Love Beyond Time (37 page)

Read Love Beyond Time Online

Authors: Flora Speer

Tags: #romance historical

“He has gone mad,” Uland insisted. “I’ve said
it all along. What shall we do now, Guntram?”

“I see no reason to continue to search for a
man who has vanished as if he never existed. We may never learn
what has happened to Michel. But I have a duty to Charles to report
what has occurred here and to send Autichar to him as soon as
possible. We leave for home at dawn.”

“You’ll want a good rider to take the reports
to Deutz and to Aachen,” Uland said.

“No.” Guntram was thoughtful. “No reports
yet. I’ll dictate them when we reach Deutz.”

“But,” Uland began, then stopped at the look
in Guntram’s eyes.

“No one is going to tell Danise about this
except me,” Guntram said. “Nor are we going to Paderborn. It’s out
of our way. We ride northward, directly to Deutz. And when we get
there, I’ll make sure Clothilde is with Danise when I give her the
news. I’m only a rough warrior, but Clothilde will know what to do
and say.”

 

* * *

 

“It cannot be,” Danise said. “I will not
believe it.”

“I’m sorry.” Guntram spread his hands in a
helpless gesture. “Danise, you ought to cry. It would relieve your
feelings.”

“I have nothing to cry about,” she said.
“Michel is not dead, for I have not seen his body.”

“I’ve been dealing with a madman for a week,”
Guntram told her. “Don’t you go glassy-eyed and silent, too, like
Autichar.” He looked around Danise’s bedchamber as if he still
searching for Michel.

“I am not mad,” she assured him. “Michel is
out there, lost in the forest. We must find him.”

“Oh, no, Danise.” Clothilde caught her hands
and held them tightly. “You cannot think to go to that place
yourself?”

“The first thing I am going to do is talk to
Autichar,” she said. “And then, Guntram, you are going to repeat
the entire story to me, just in case you forgot something the first
time. I want to know every detail.”

Danise felt as though an iron band had been
wrapped around her chest, constricting her lungs so she could not
breathe properly. But that same band kept her upright instead of
allowing her to fall upon her bed and weep. The iron band kept her
talking and thinking and trying to find a way to discover what had
happened to Michel.

At first Autichar was no help to her. After
consulting with Guntram, Hubert had confined Autichar in a ground
level room and set two men-at-arms to watch him at all times until
he could be sent on to Charles at Aachen. So far as anyone could
tell, Autichar did not know he had been imprisoned. During the
daylight hours he sat upon the side of his bed and stared into
nothingness. When night fell, someone had to order him to lie down
or he would continue to sit on the bed, not knowing he ought to
sleep. He had degenerated into a pitiful creature, but Danise would
not be deterred from trying to get information out of him.

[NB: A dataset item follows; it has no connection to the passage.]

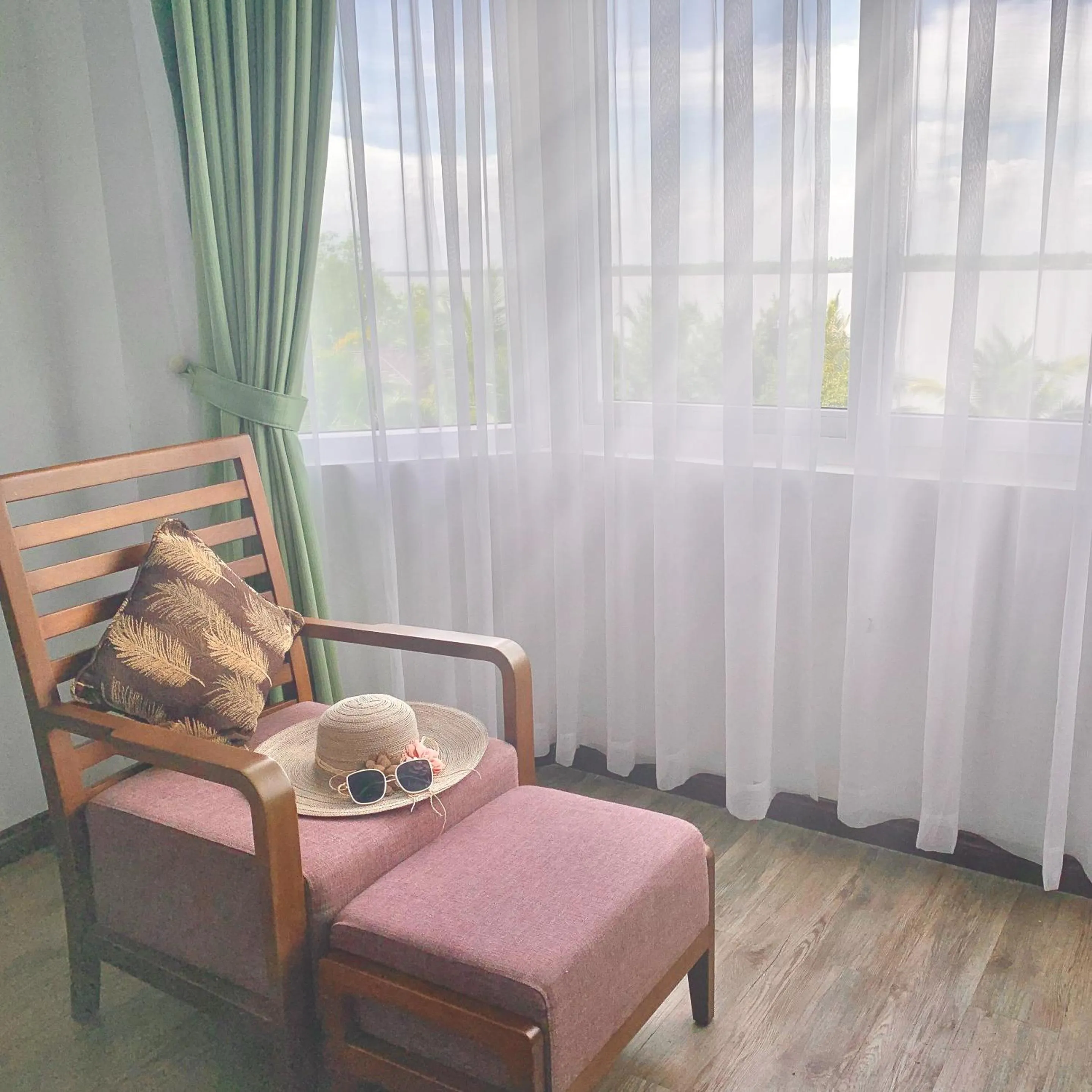 Photo of the whole room in Ben Tre Riverside Resort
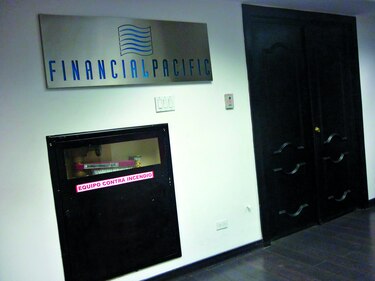 Fiscal pide enjuiciar a 12 personas por desvío de préstamo de la Caja de Ahorros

“Please,” she begged him, “tell me what has
happened to my husband. You were kind to me once, Autichar, when I
was your captive. Be kind to me once more and tell me what you
know. Please, Autichar. Do you remember how I spoke in your behalf
to Charles? If you will but talk to me now, I swear I will go with
you to Aachen and I’ll beg Charles to spare your life. Autichar –
please
!”

Whether she coaxed or threatened him,
Autichar gave no indication that he was aware of her presence.
After an hour with him, Danise gave up. Telling the guards to
notify her at once if there was any change in Autichar’s condition,
she left him. Seeing him withdrawn into his own private world had
suggested a possibility to Danise, but it was a possibility she was
not ready to consider. Not yet, not until she had investigated all
other explanations for Michel’s disappearance.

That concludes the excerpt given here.